Camilo Cienfuegos, também combatente da revolução e que efetuou a prisão de Matos, morreu num acidente de avião ao retornar para a capital. Carismático e bem aceito pelo povo cubano, poderia ter influído em alguma mudança na forma de governo, mas isso permanece no ambito das especulações.
Outro líder que também dividia as opiniões e atenções em Cuba era Che Guevara, que também carismático e arrojado fazia sombra contra a figura de Fidel Castro. Decidindo partir em uma tentativa de subverter os governos da América Latina a partir de uma revolução na Bolívia, viu-se, depois de internar-se nas selvas bolivianas, completamente abandonado pelo regime cubano, que ao mesmo tempo que mantinha abastecidos esquerdistas de outros países sul-americanos, deixou Che Guevara numa situação de inanição.

Caçado por tropas treinadas por forças especiais americanas, logo terminou preso e executado. Alguns estudiosos da revolução cubana veem aí uma silenciosa e bem sucedida manobra de Castro, condenando seu antigo rival a um fim obscuro.
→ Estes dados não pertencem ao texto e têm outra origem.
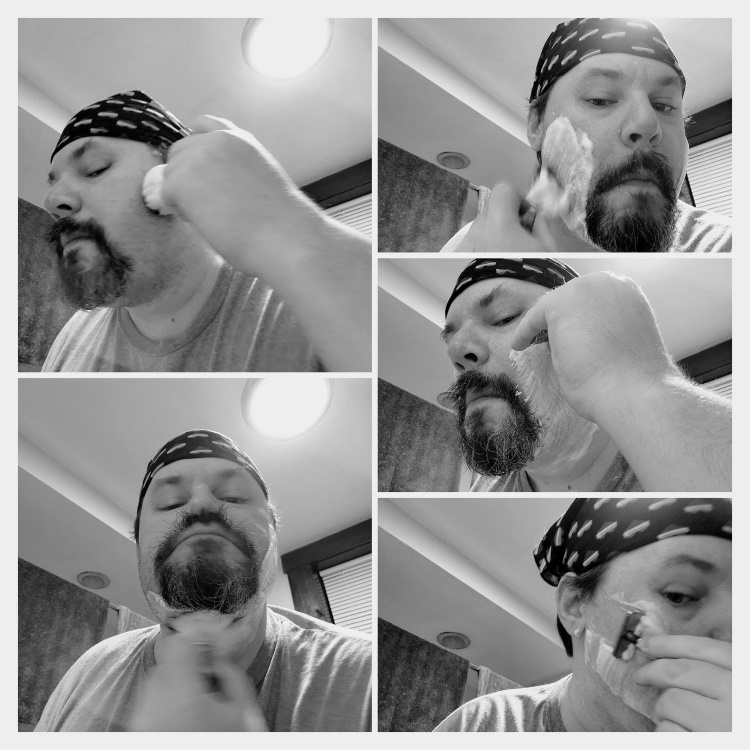 collage of Author Robert applying and shaving with Cello Aloe Vera shaving cream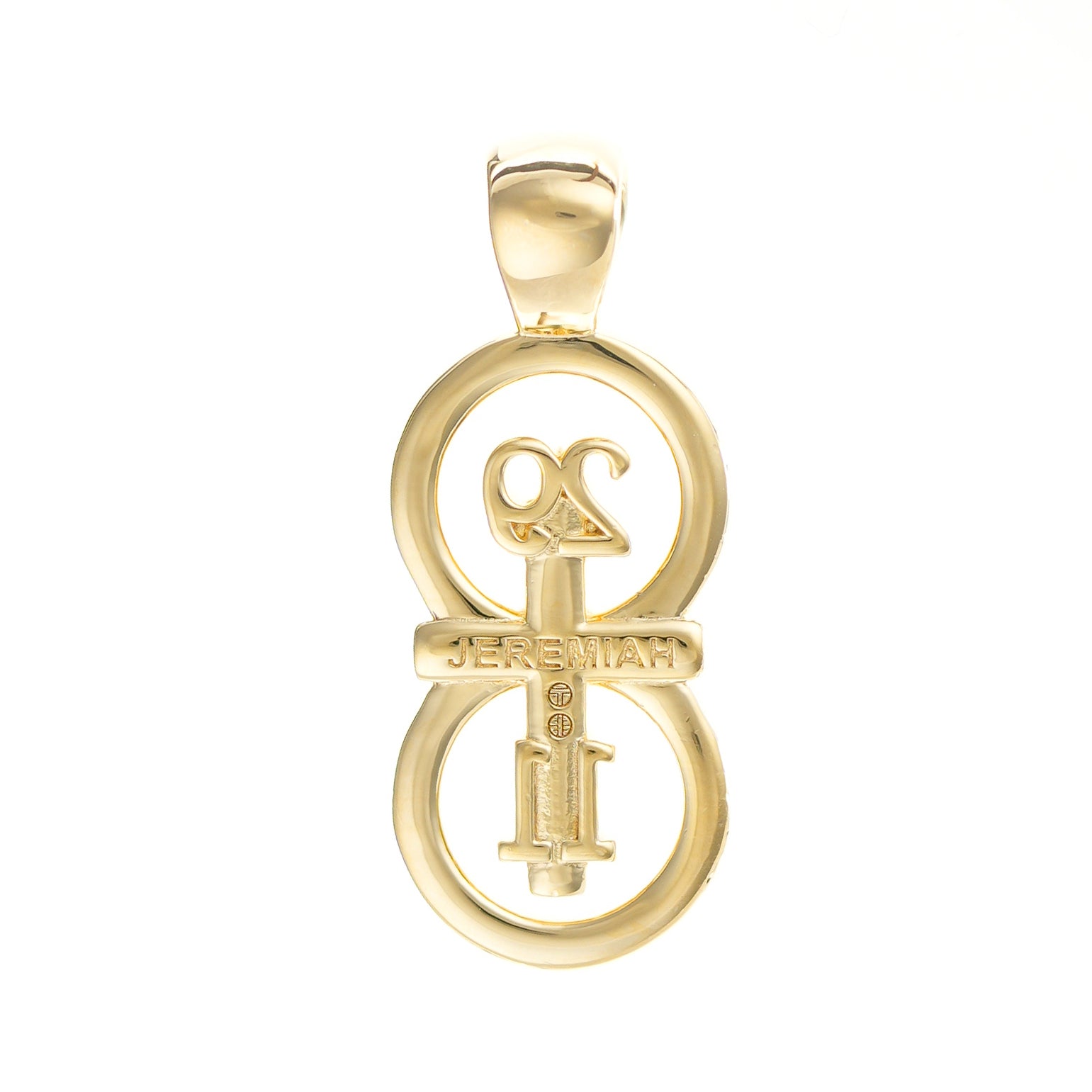 The RIYAN 29 and 11® pendant has the numbers 29 and 11 intertwined with the cross to represent Jeremiah 29:11 with the chapter word "Jeremiah" inscribed on the back. 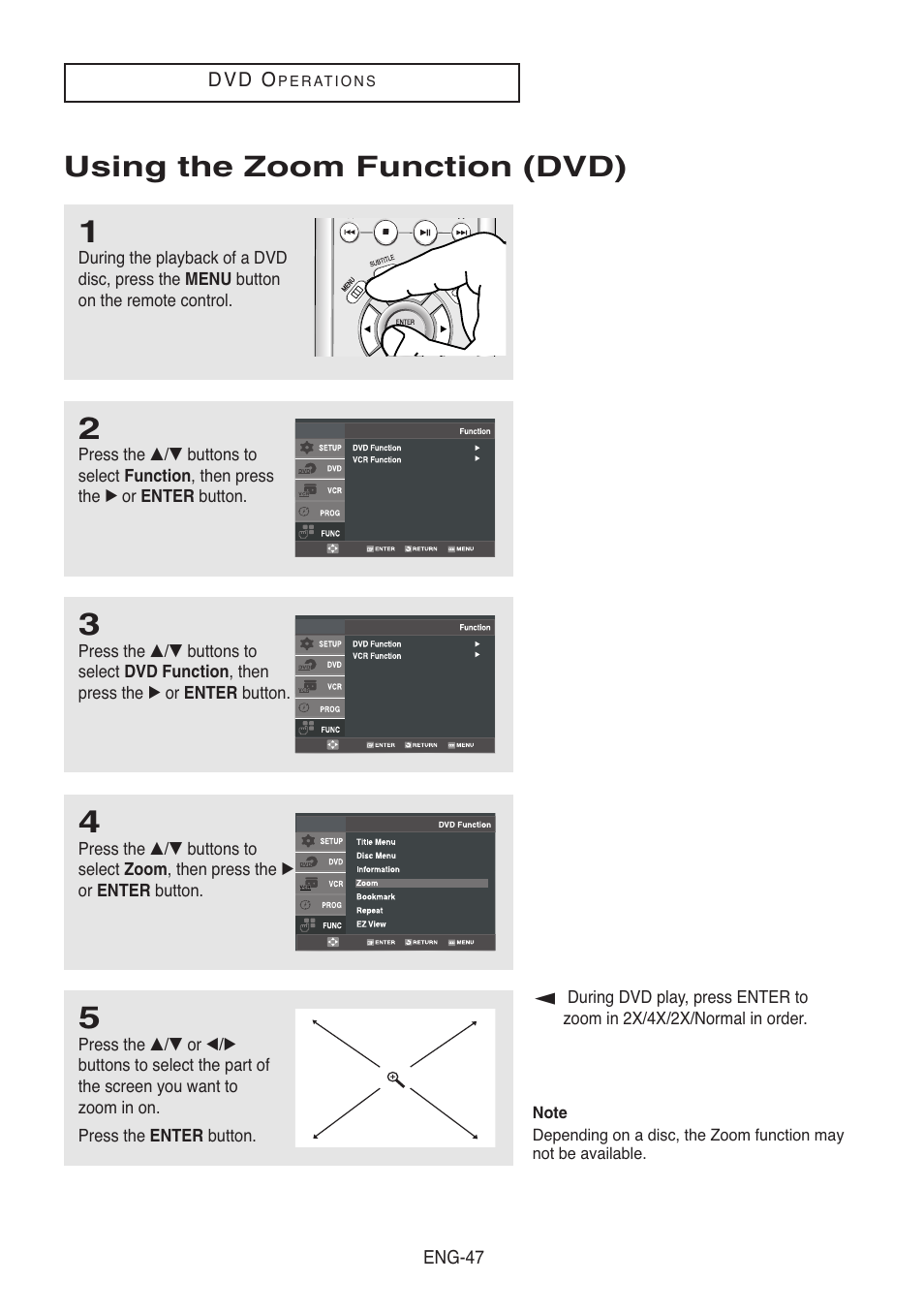 Using the zoom function (dvd) | Samsung DVD-V8500-XAC User Manual | Page 47 / 88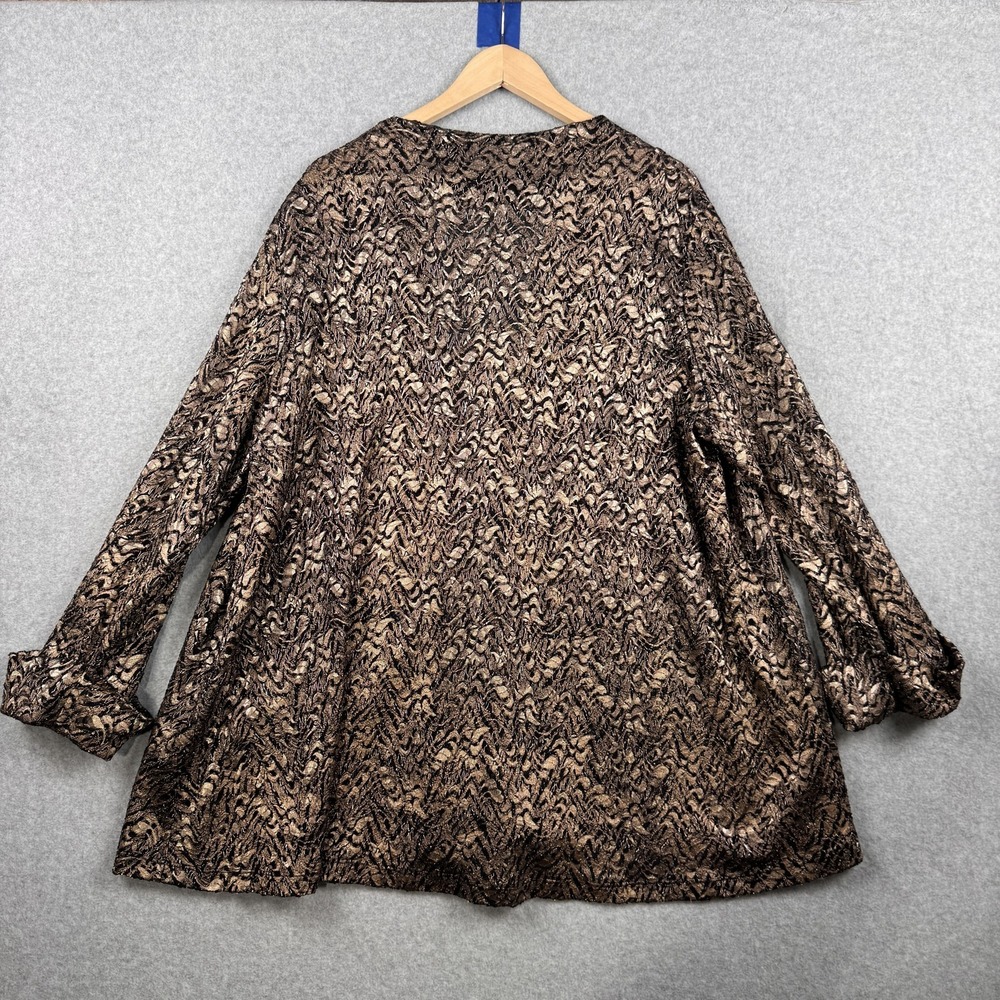 Ali Miles Jacket Womens 2X Gold Black Metallic Lace Button Front Boho‎ Artsy - Picture 2 of 9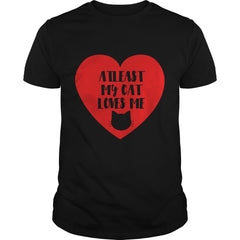 Funny Cat Love Valentines Day - Black Heart T-Shirt
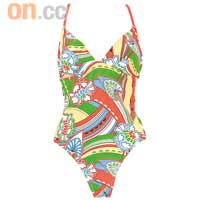 Speedo綠×藍×橙色腰果花一件頭泳衣 $459（b）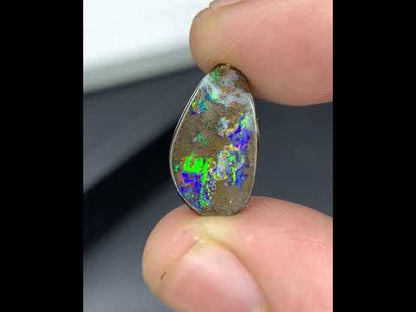 Natural Australian Boulder Opal 2.49 Carat 15.5x8.4 MM Fancy Shape Cabochon Gemstone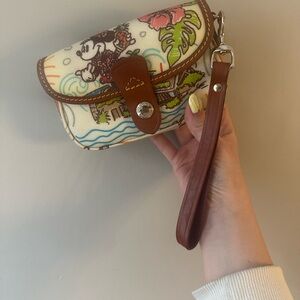 Dooney & Bourke Disney Aulani White Canvas Tropical Print Wristlet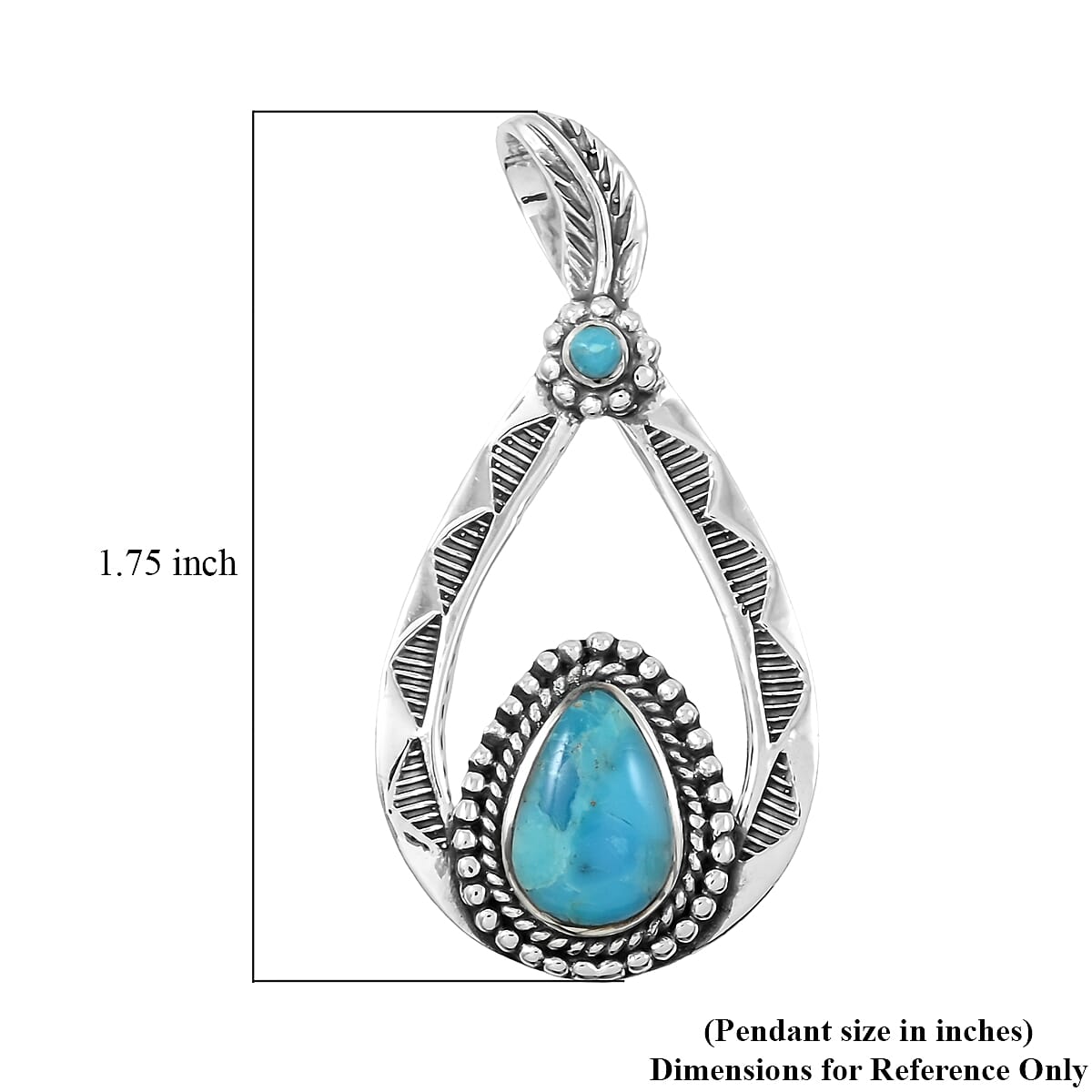 Santa Fe Style Kingman Turquoise Pendant without Chain and Earrings in Sterling Silver 7.00 ctw image number 4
Seja como for, tendo levado o povo cubano a um longo período de opressão, onde privações e pobreza se tornaram o viver comum do dia a dia, assustados com as patrulhas das forças policiais e forçados a reelegerem Castro eleição após eleição, já que só ele era candidato, o cidadão cubano nada podia fazer contra a verdadeira estrutura de vigilância e repressão em que se tornou a ilha, mantida por aquele comandante no qual um dia depositou toda a sua fé.

Assim, de uma forma melancólica termina seus dias na mais completa solidão, cumprimentado por seus partidários e membros próximos do governo que lhe prestam homenagens e cumprimentos por obrigação, mas mais do que isso, por temor.

Hoje sem saúde, Castro se tivesse optado por outra forma de governar seu povo, poderia ser alvo de homenagens sinceras, receber cumprimentos que atestassem a gratidão de um povo e acima de tudo de estar numa praça tomando sol rodeado de pessoas carregadas de respeito por ele, mas seguiu o caminho contrário.

Um triste fim para quem um dia foi a esperança de um povo. Se formos usar a figura do náufrago para exprimir essa solidão, hoje esquálido e doente mas ainda temido, Fidel Castro é a imagem mais bem acabada desse desastre político, sozinho em sua própria ilha de opressão.